DANIEL IS An Ohio-BASED WRITER. THIS BLOG AND WEBSITE ARE HIS FORUM TO MAKE HIS VOICE HEARD, AND TO DOCUMENT HIS JOURNEY TO CONTINUALLY CHOOSE LOVE.

Healing

A close-up of my “Choose Love” tattoo on my left wrist in my husband’s handwriting

Today is Mother’s Day. It’s a pretty loaded day for a lot of people, both in good ways and in tough ways. I texted my best friend this morning to wish her a happy Mother’s Day, and she responded, “Aw, thank you so much. I'm not sure how this day is making you feel this year, but I hope your day is a peaceful one.” She’s right on that this day is different this year.

22 years ago, my mom did not handle the news of my being gay very well. For a very brief time, things were very strained, but then we made room for each other in our lives, and have gotten along well for about 20 years now. In the past couple of years, I’ve really come to terms with understanding who my mom is and the role she plays in my life, and I have felt so much less frustration and tension with my mom these past couple of years just by learning to accept her for who she is in the same way I’ve come to accept myself for who I am. I think of my mom a lot more fondly than I did for a long time. Even though we were getting along, I had a sense of tension around her that I didn’t ever know how to resolve but that was left unspoken, and as of these past couple of years, that hasn’t been the case. Still, I never expected this Mother’s Day to be as different as it is.
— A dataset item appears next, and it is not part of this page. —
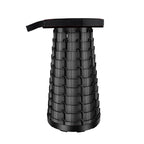 Outdoor Portable Folding Telescopic Plastic Stool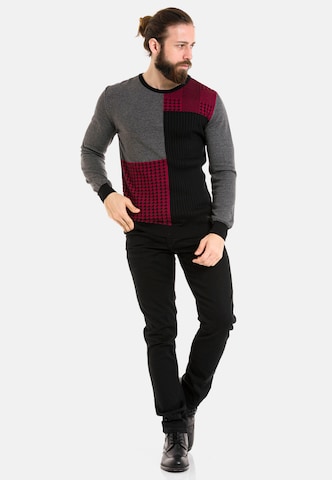 CIPO & BAXX Sweater in Grey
About 6 weeks ago, I had a conversation with my mom that completely changed my relationship with who she is in my head. My mom joined a women’s group in her city about a year ago (maybe more), and being involved in this group has been AMAZING for her. In mid-March, one of the women in the group invited my mom to go see a production of Considering Matthew Shepard, which is a spoken word and choral performance reflecting on the life of Matthew Shepard, a man who was killed in a hate crime for being gay in 1998. I’m not familiar with the show, but I’m very familiar with the story of Matthew Shepard. I never thought of my mom as a person who would go to a concert like that, but she did.

The day after my mom saw the production, she called me. I talk to my mom every day, but I’d say 99% of the time, I’m the one who calls her, so to receive a call from her is unusual. She was so moved by the performance that she had to tell me all about it. She talked about how it opened her eyes to what I went through as a teenager, how much fear and shame and rejection was involved in being a gay kid, and how hard it must have been for me. She told me how much she loves me and is proud of me. She talked about how she reacted all of those years ago, and how amazed she is that I’ve been as willing to have a relationship with her as I have. She said some affirming, loving things that I still get teary thinking about.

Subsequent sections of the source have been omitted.